I was wondering if it's possible to calculate the average of some numbers if I have this:

int currentCount = 12;
float currentScore = 6.1123   (this is a range of 1 <-> 10).

Now, if I receive another score (let's say 4.5), can I recalculate the average so it would be something like:

int currentCount now equals 13
float currentScore now equals ?????

or is this impossible and I still need to remember the list of scores?

Answer 1

The following formulas allow you to track averages just from stored average and count, as you requested.

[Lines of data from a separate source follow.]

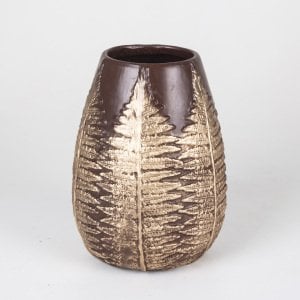 Veramaya Çam Desenli Kahverengi Polyester Vazo 20x16 Cm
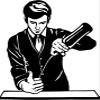 Black and White Cool Dapper Fancy Bartender Cartoon Round Metal 0.75" Lapel Pin Hat Shirt Pin Tie Tack Pinback view 2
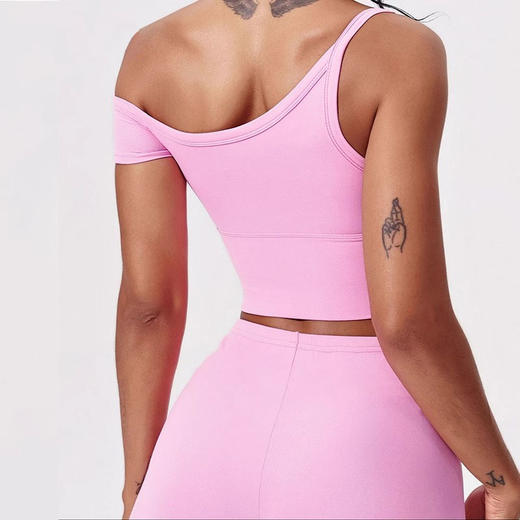 跃牌【禅语梵心】凉感运动文胸抗菌带胸垫紧身不对称瑜伽背心休闲DX5403 商品图1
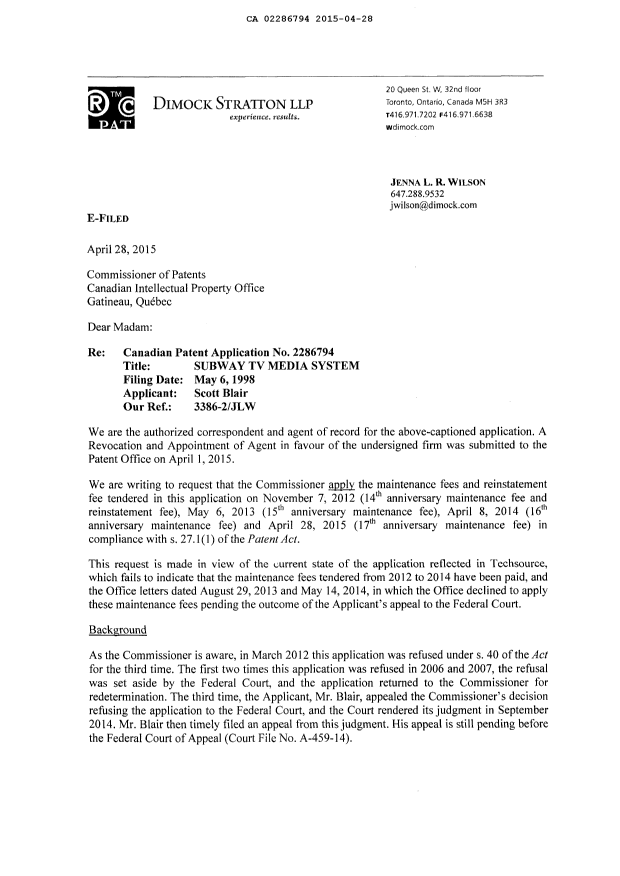 Document de brevet canadien 2286794. Correspondance 20150428. Image 2 de 6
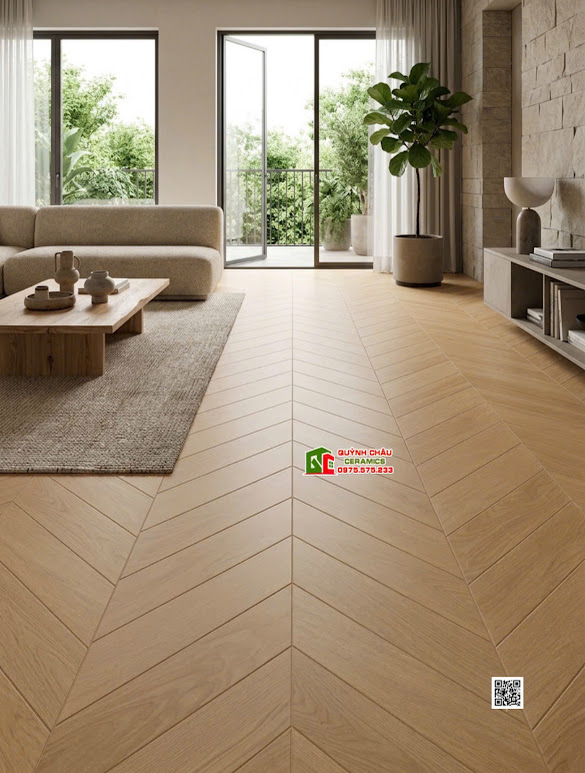 Gạch khổ lớn giả gỗ vân xương cá 60x120 lát nền phòng khách đẹp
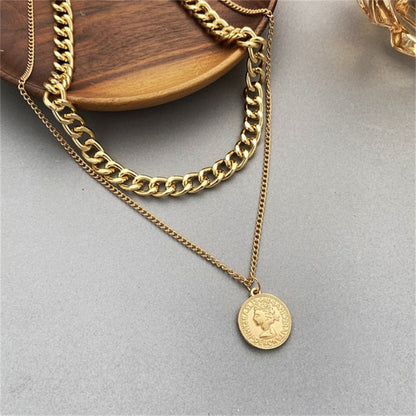 sengpan Vintage MultiLayer Heart Pendants Necklaces For Women Gold Geometric Punk Necklace New Design Wedding Jewelry Girlfriend Gifts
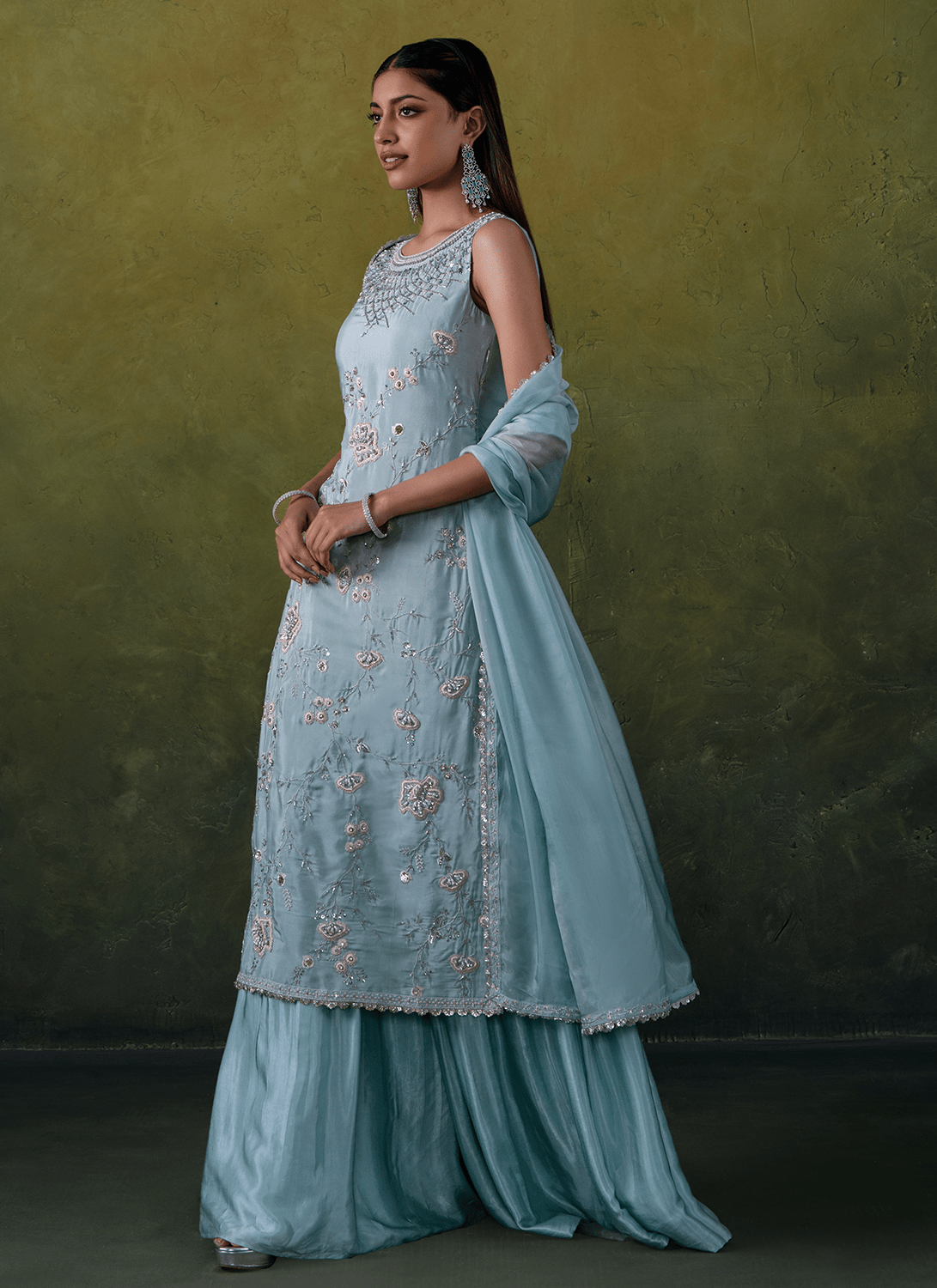 Light Blue Embroidered Silk Sharara Suit - Lashkaraa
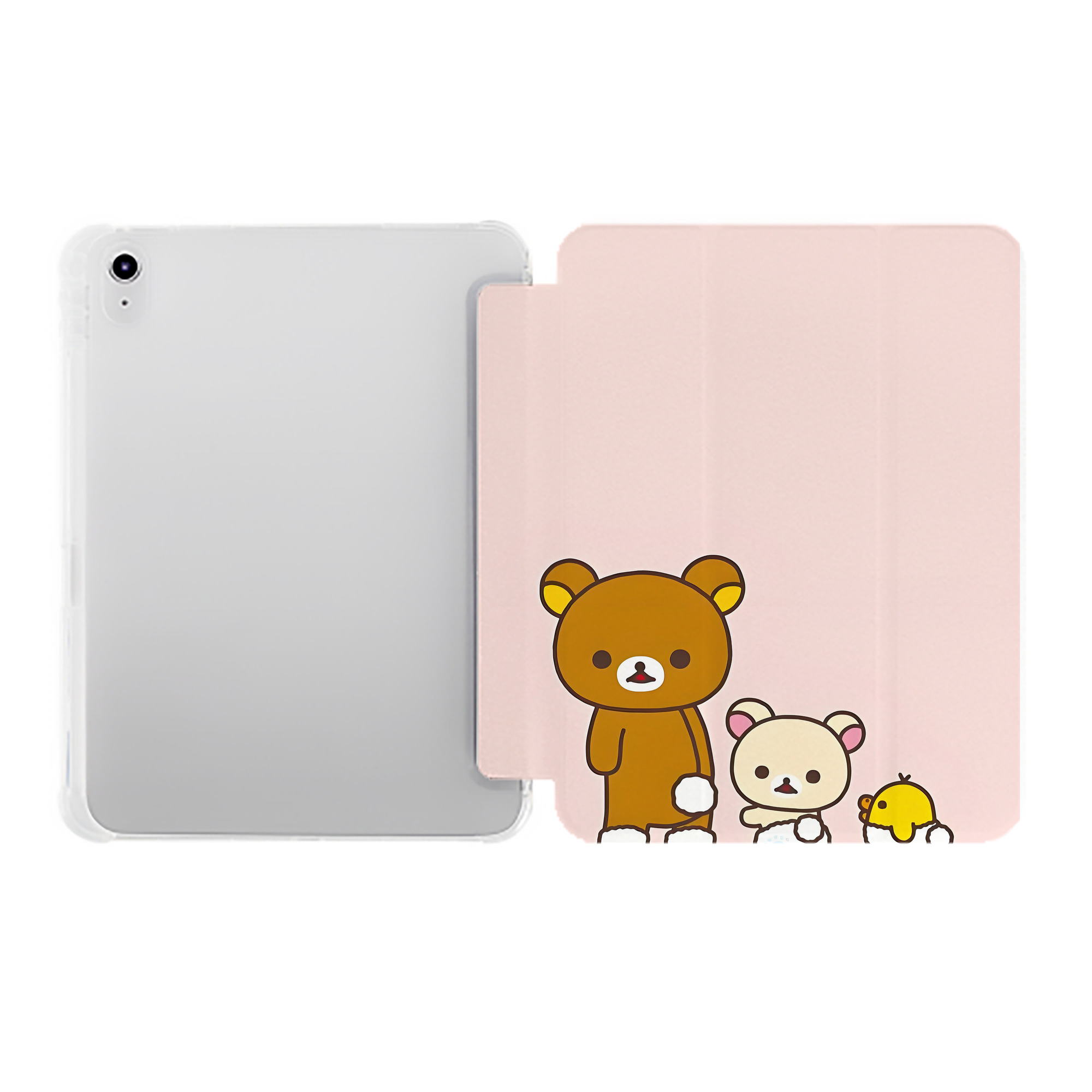 （画像用） リラックマ リラックマ キイロイトリ Rilakkuma Korilakkuma Kiiroitori IPad ケース ペン収納付き 三つ折りスタンド PUレザー×シリコン 対応機種9.5/10.5/10.9インチ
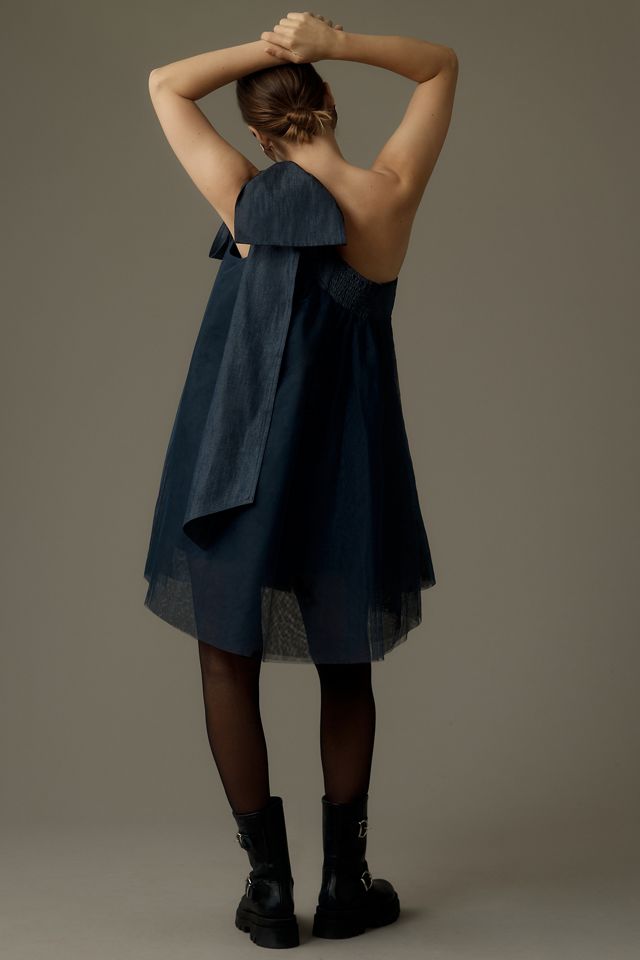Pilcro One-Shoulder Bow Tulle Denim Mini Dress | Anthropologie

currentScore = (currentScore * currentCount + newValue) / (currentCount + 1)
currentCount = currentCount + 1

This relies on the fact that your average is currently your sum divided by the count. So you simply multiply count by average to get the sum, add your new value and divide by (count+1), then increase count.

So, let's say you have the data {7,9,11,1,12} and the only thing you're keeping is the average and count. As each number is added, you get:

+--------+-------+----------------------+----------------------+
| Number | Count |   Actual average     | Calculated average   |
+--------+-------+----------------------+----------------------+
|      7 |     1 | (7)/1           =  7 | (0 * 0 +  7) / 1 = 7 |
|      9 |     2 | (7+9)/2         =  8 | (7 * 1 +  9) / 2 = 8 |
|     11 |     3 | (7+9+11)/3      =  9 | (8 * 2 + 11) / 3 = 9 |
|      1 |     4 | (7+9+11+1)/4    =  7 | (9 * 3 +  1) / 4 = 7 |
|     12 |     5 | (7+9+11+1+12)/5 =  8 | (7 * 4 + 12) / 5 = 8 |
+--------+-------+----------------------+----------------------+

Answer 2

I like to store the sum and the count. It avoids an extra multiply each time.

current_sum += input;
current_count++;
current_average = current_sum/current_count;

Answer 3

It's quite easy really, when you look at the formula for the average: A1 + A2 + ... + AN/N. Now, If you have the old average and the N (numbers count) you can easily calculate the new average:

newScore = (currentScore * currentCount + someNewValue)/(currentCount + 1)

Answer 4

You can store currentCount and sumScore and you calculate sumScore/currentCount.

Answer 5

or... if you want to be silly, you can do it in one line :

 current_average = (current_sum = current_sum + newValue) / ++current_count;

:)

Answer 6

float currentScore now equals (currentScore * (currentCount-1) + 4.5)/currentCount ?